Platform 201 - Advanced Blogging by Nathan Lowell
There are so many tools out there for building a platform that we tend to get buried in the pile. My advice is to start with the basic tools of social media and master them one at a time. In my opinion, the cornerstone of your platform is your website - and in this case - your blog.The blog (portmanteau of "web log") started out as a "fast web page" tool with few features. Anybody can add content without having to mess about with writing web code. Blogging software has grown into fairly robust content management systems over the last decade -- tools which can be very useful in managing a platform without requiring an author to have a computer science degree to use it effectively.
Regardless of what platform you use, it helps to know the terminology and what it means:
- Blog - verb: the process of episodic publication using a specific web based application. ("I blog about the publishing industry") noun: A collection of tools bound in a single web based application ("I use a wordpress blog").
- Post - verb: the act of publishing an article on a web page ("I'll post a story"). noun: the article itself ("Did you see Bob's post about that?"). A lot of people use the word "blog" as a synonym for "post." Technically, this is incorrect but used commonly enough that it has become acceptable. Usually posts are arranged by date.
- Page - noun: a kind of entry in the blog that is not arranged chronologically. Pages generally consist of things like "about" pages and get organized differently than posts. Typically, the RSS feed (See Syndication below) doesn't publish pages, but does publish posts.

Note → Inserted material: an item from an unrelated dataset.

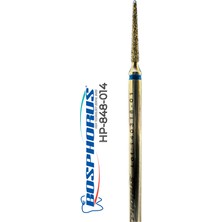 Bosphorus Tekmetal Kuru Manikür Uc Konik 014 mm Doğal Elmas Freze Manikür Uc Törpü Makinası Ucu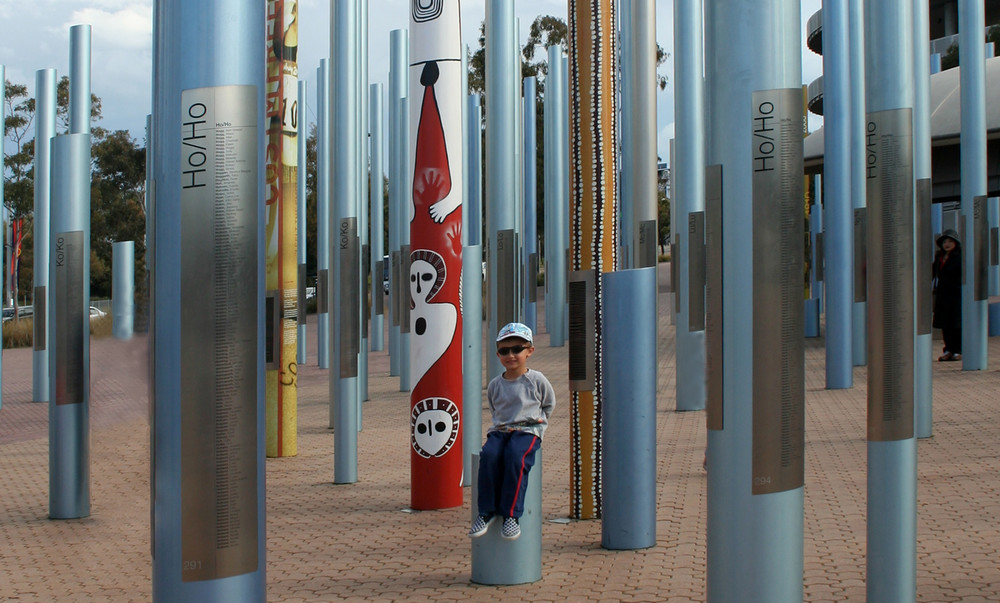 Monument im Sydney Olympic Park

- Comment - verb, noun: readers respond to posts, offering opinion and insight.
- Trackback - verb, noun: modern blogs have the ability to link conversations together via trackback. A mention on one blog shows up on the source, closing the loop on citation.
- Syndication - noun: Blogs generally provide a tagged content stream which can be handled by software. This is also known as a "feed" and is available in several types, most notably Atom and RSS.
In common terms, blog software is just a simple way for you to organize your information for the web. It's sometimes useful to think of it as a simple content management system, rather than a communications channel. It's simply a fast and easy way to publish to the web in a uniform style and format. Setting up the template once means you never have to worry about how your page will look when published.
I think a website needs to provide these capabilities:
- A place to write about your work
- An address to tell people where they can learn more about your and your writing
- A place for your visitors to leave you a comment and talk about your writing
Blogging software does those things very easily.
There's a lot of advice on how, what, and when to blog. For me, writing when you have something to say is key. Writing as an exercise in discipline or to lure readers for the blog seems counter productive to me and I avoid it in my practice. I established my blogs to have a place where people can go after listening to or reading my stories to find out more about me and my other works. This seems to make the most sense to me. I have never been successful at getting people to discover my blog and - through that discovery - pursue my other writing. The strategy of using the writing to drive traffic to the blog (and not the other way around) has worked well for me.
I also believe that what you choose to write about will make a significant difference in your readership, both on the blogs and of your writing. I write about the next book, promote the new cover art as it comes available, have extra back story maps and content that aren't available anywhere else. I reward them for hanging out with me. They leave comments and I respond. I added some bells and minor whistles (like an email notification list and a fan forum) but mostly it's a very clean, simple way for my fans and I to have a conversation about stuff we are interested in - the genre, other genre works, my works, and basically anything that applies to the topic "If you like reading my stories, you might be interested in this..."
That idea carries an important kernel at its core. I don't write about other stuff. I don't write about the process of writing, or about genres that are different from mine. I even have separate sites for my fantasy and science fiction work since those audiences are really quite different. It means I'm very careful about what other writing and writers I promote on those blogs. If it's not related, it doesn't get published. It's not enough to be interesting. It has to be relevant to my audience.
We tend not to think about blogging as social media, but it represents one of the first of the tools to break down the wall between producer and consumer. By allowing readers to offer immediate feedback in the form of comments and trackbacks, blogging represents the first tool developed for (and in many ways defining) the read/write web.